What has felt foreign has been the idea that the PEOPLE whom I was related to by blood or section of town…..Even the physical landscape has become foriegn ….Tulane Avenue or even Freret St. were once rough n rugged are now expensive college based /AirBNB styled residents…So the PEOPLE who I seek everyday since I moved back are FEW & far in between the RENAMED schools & neighborhoods , bike lanes , yoga spots & pet stores ( huh bruh?)”

If Black New Orleans gave an honest update on its status since Hurricane Katrina, what would be said about the city’s treatment of its Black citizens?

“In my mind is that WE (the original native Black & underserved families ) were removed or phased out of areas that had already been set up due to be demolished or redone anyway,….Katrina just sped up the process & red tape to clear out the land and neighborhoods.
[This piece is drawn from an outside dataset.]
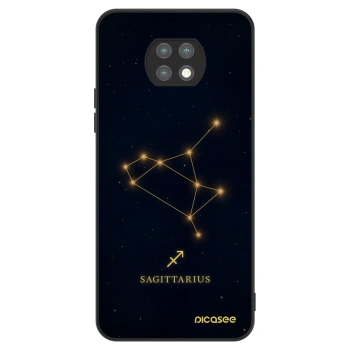 Ovitek za Xiaomi Redmi Note 9T - SAGITTARIUS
I honestly feel that the natives of the city were sacrificed to make way for A NEW -NEW ORLEANS. Again , we still have the overall hospitable & welcoming energy here, but it is definitely missing that MAGIC that made our small city unmatched compared to major cities . It still hurts to know that we have family who felt betrayed by the city itself to not be able to come back to a place that they once called ‘home.’”

(Photo courtesy of Anthony “Moose” Davis)

Anthony B. Daniels aka Moose Harris, 40 

Musical Artist / Radio Host / Legendary Saints Beerman

What do you remember about the soul of New Orleans before August 29, 2005? What has felt foreign since then?
“The soul of New Orleans is what got me there. Growing up in small town South Louisiana, the concept of experiencing a “big city” version of Louisiana culture day to day – instead of just visiting on school field trips – for college and beyond was enticing. It was tight knit, it was “local” maybe because I’m from two hours away, but those two hours made all the difference in the world.”

If Black New Orleans gave an honest update on its status since Hurricane Katrina, what would be said about the city’s treatment of its Black citizens?

“I wonder from time to time what NOLA would be like, if Disney World has been built in the area in the 60s, and how close to Orlando we’d be today. I say that to say in the last 15 years, we’ve crept closer and closer to what that could’ve been, and not totally in a good way. I didn’t live in NOLA’s projects, but I have memories of being in them. They’re all but gone. The Saints are great, and my spirit (and professions) appreciate it, but the “loveable loser” aspect of the community is going down. It’s like we forgot what it was like to be 8-8 and wishing. This place kinda forgot where it came from, in part, because NOLA not totally knowing where it’s from, but just being itself was once part of the beauty of it all. It slowly feels more of an attraction than a presentation. And since Black folk makes up like 80% of said presentation, the treatment is different. It is not as direct as it used to be, even when bad. And NOLA is used to dealing with things directly.”